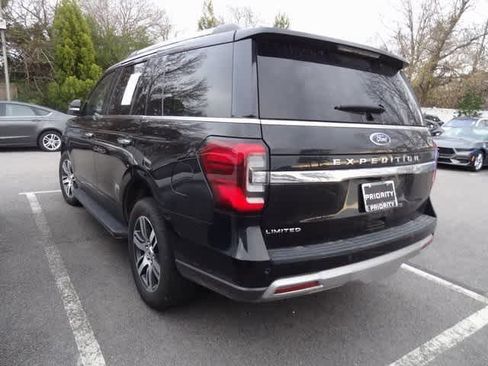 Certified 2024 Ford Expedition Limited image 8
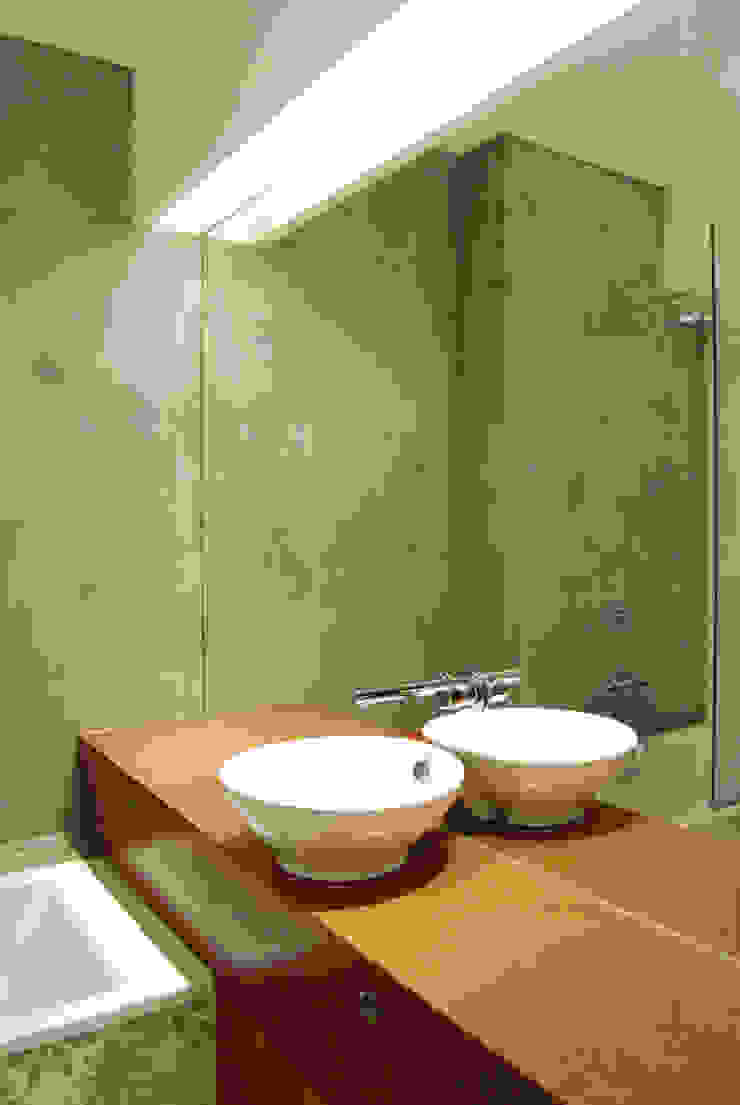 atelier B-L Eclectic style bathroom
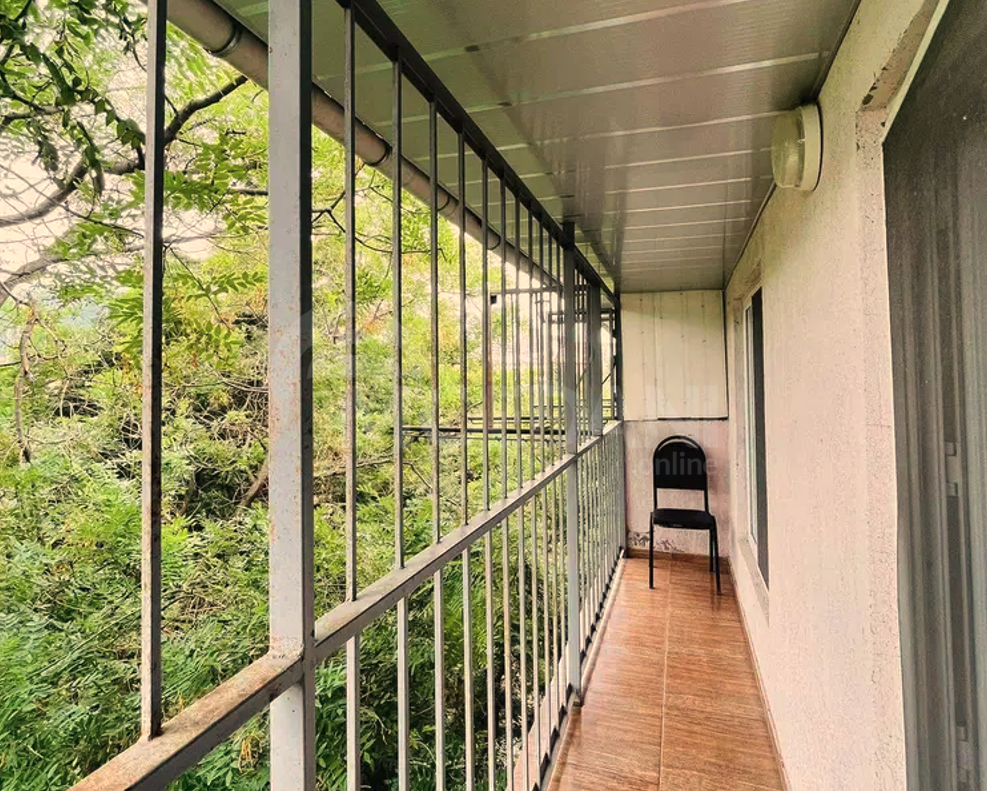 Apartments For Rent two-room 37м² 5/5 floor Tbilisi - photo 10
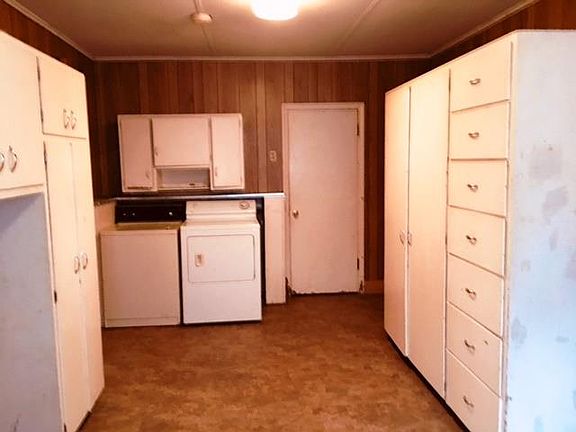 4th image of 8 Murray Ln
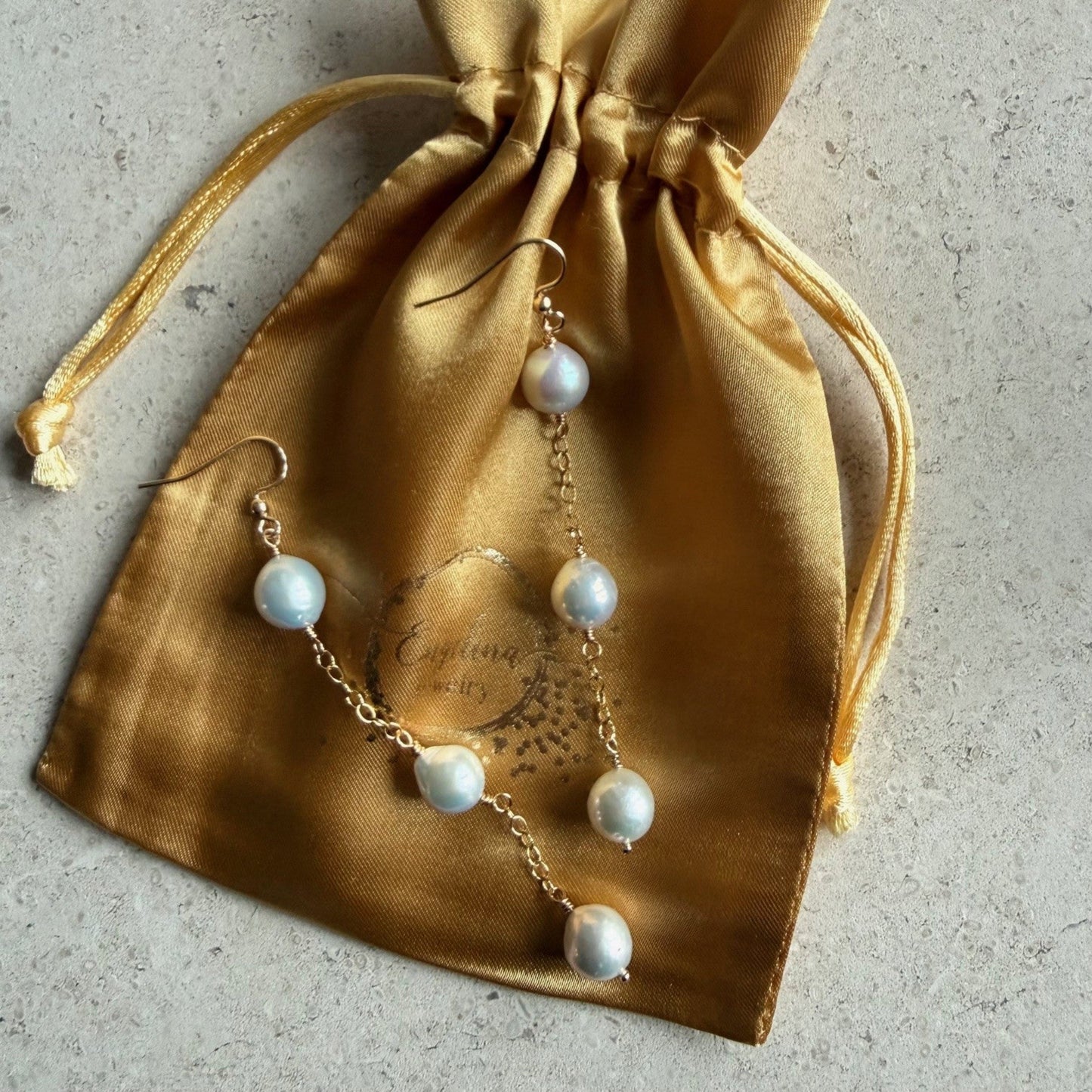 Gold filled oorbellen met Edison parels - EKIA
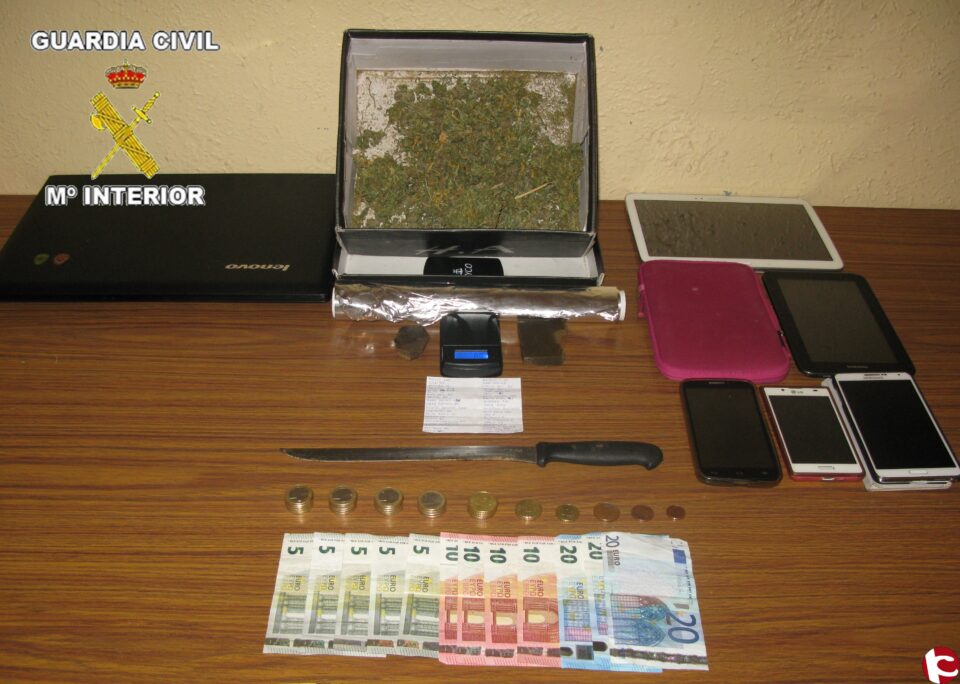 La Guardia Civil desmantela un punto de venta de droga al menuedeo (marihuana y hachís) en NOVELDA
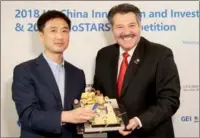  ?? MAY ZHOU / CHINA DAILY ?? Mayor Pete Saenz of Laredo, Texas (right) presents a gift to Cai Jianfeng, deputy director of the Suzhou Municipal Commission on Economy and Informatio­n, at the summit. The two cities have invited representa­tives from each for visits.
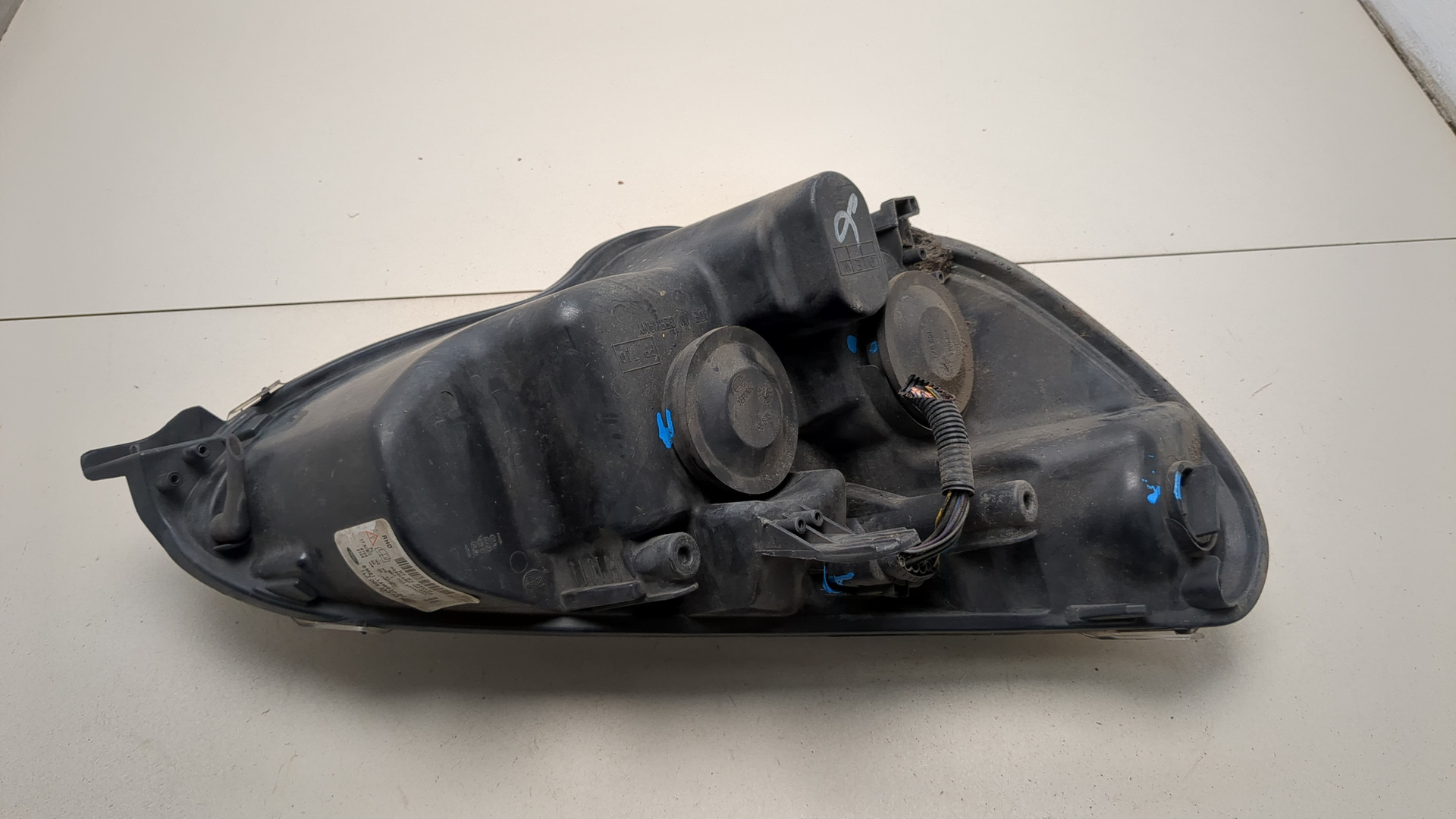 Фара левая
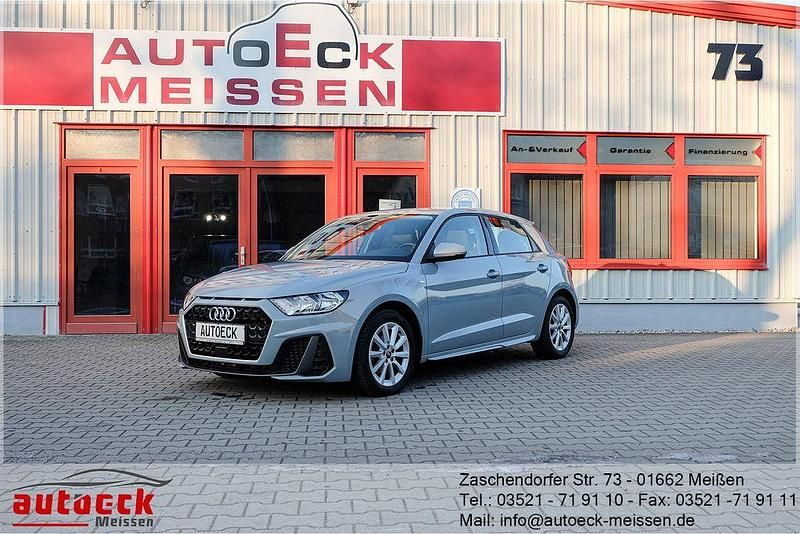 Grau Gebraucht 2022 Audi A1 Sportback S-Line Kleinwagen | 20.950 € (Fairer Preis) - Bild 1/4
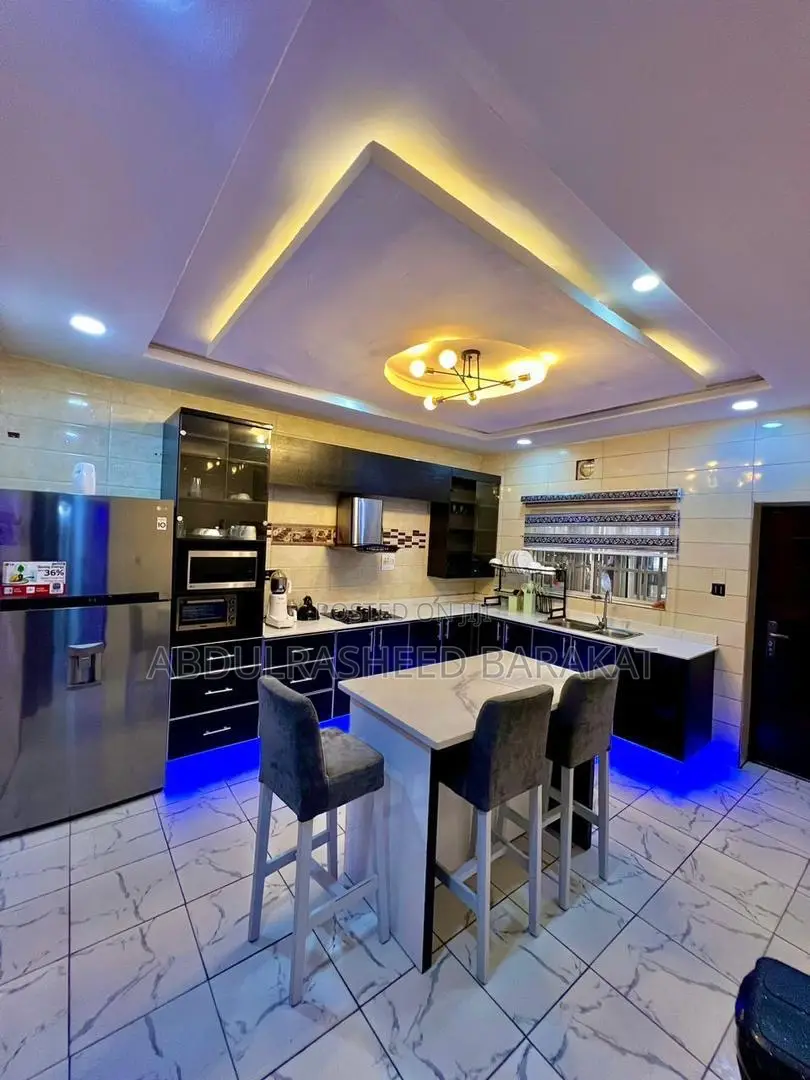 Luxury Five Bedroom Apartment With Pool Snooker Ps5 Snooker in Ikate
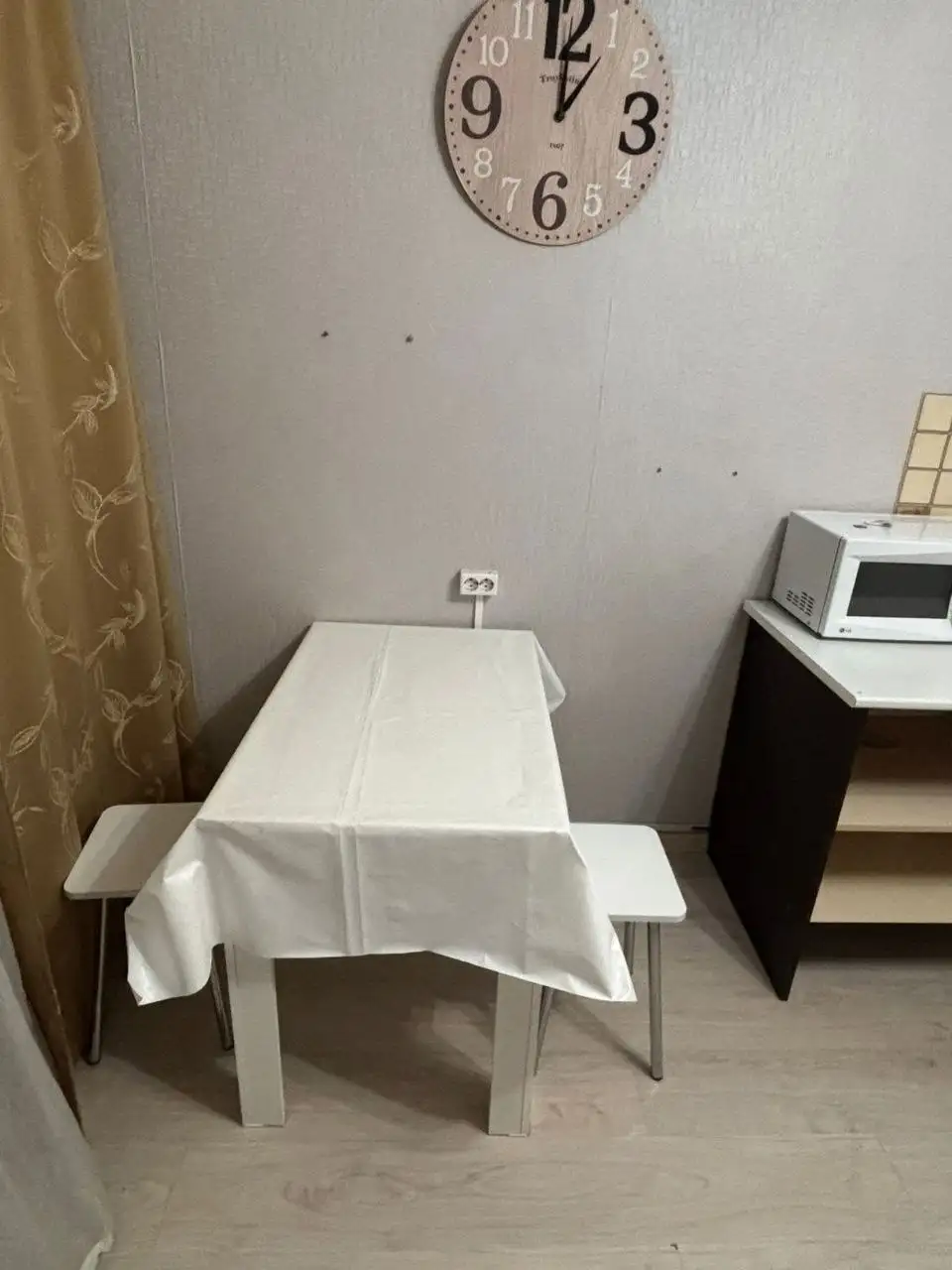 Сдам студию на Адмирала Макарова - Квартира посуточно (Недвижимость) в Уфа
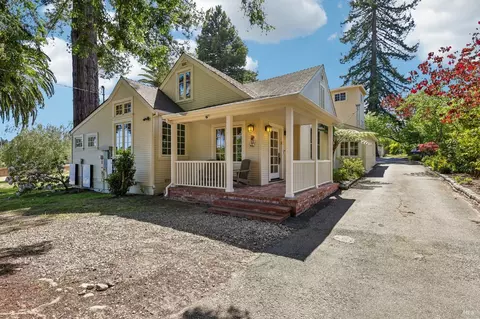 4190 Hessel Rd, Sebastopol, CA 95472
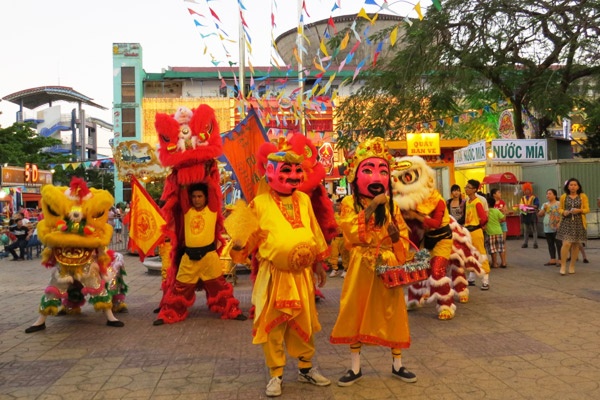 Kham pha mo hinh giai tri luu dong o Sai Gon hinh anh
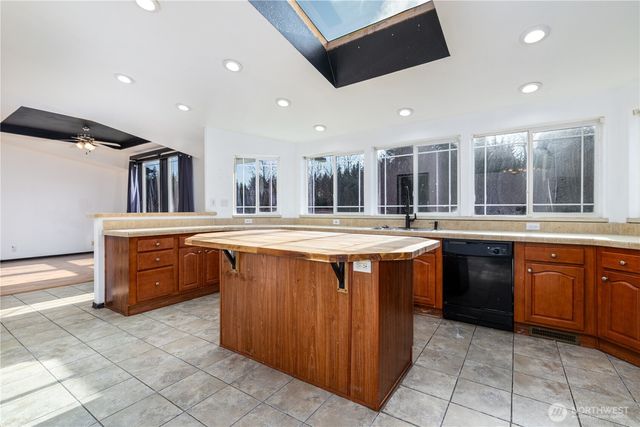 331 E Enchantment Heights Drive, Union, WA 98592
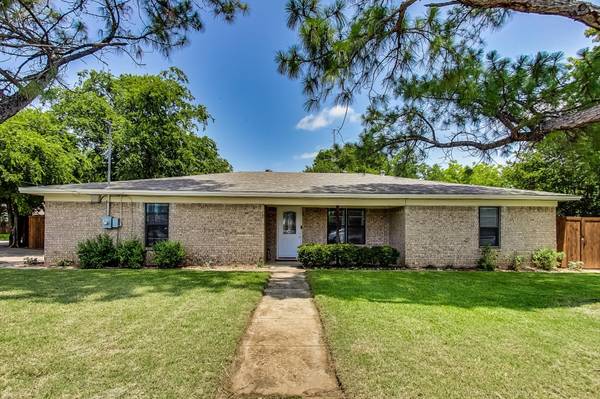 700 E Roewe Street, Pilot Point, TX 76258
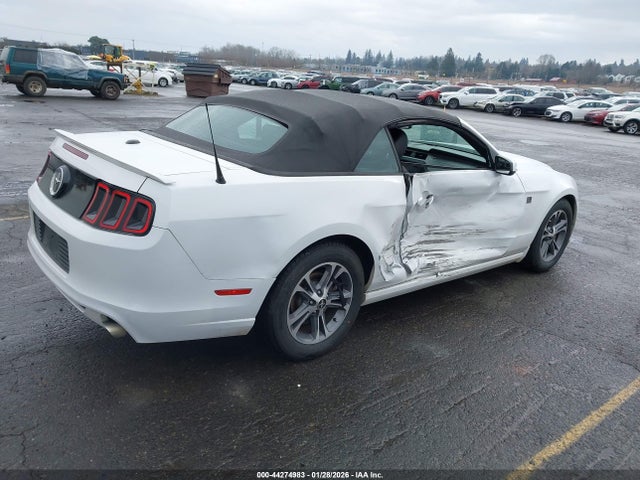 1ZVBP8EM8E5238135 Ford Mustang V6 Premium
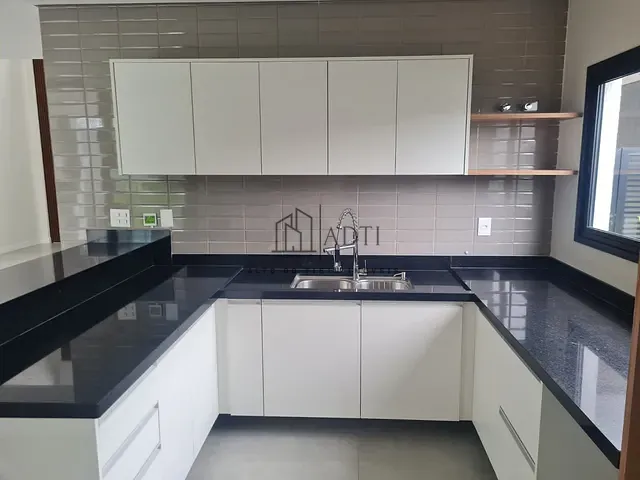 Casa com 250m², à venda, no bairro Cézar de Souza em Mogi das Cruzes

____________________

To do. Leave out the pictures and copy exactly the lines from the one with "Luxury Five Bedroom" through the last line of the records above.

Result for this task.
 Luxury Five Bedroom Apartment With Pool Snooker Ps5 Snooker in Ikate
 Сдам студию на Адмирала Макарова - Квартира посуточно (Недвижимость) в Уфа
 4190 Hessel Rd, Sebastopol, CA 95472
 Kham pha mo hinh giai tri luu dong o Sai Gon hinh anh
 331 E Enchantment Heights Drive, Union, WA 98592
 700 E Roewe Street, Pilot Point, TX 76258
 1ZVBP8EM8E5238135 Ford Mustang V6 Premium
 Casa com 250m², à venda, no bairro Cézar de Souza em Mogi das Cruzes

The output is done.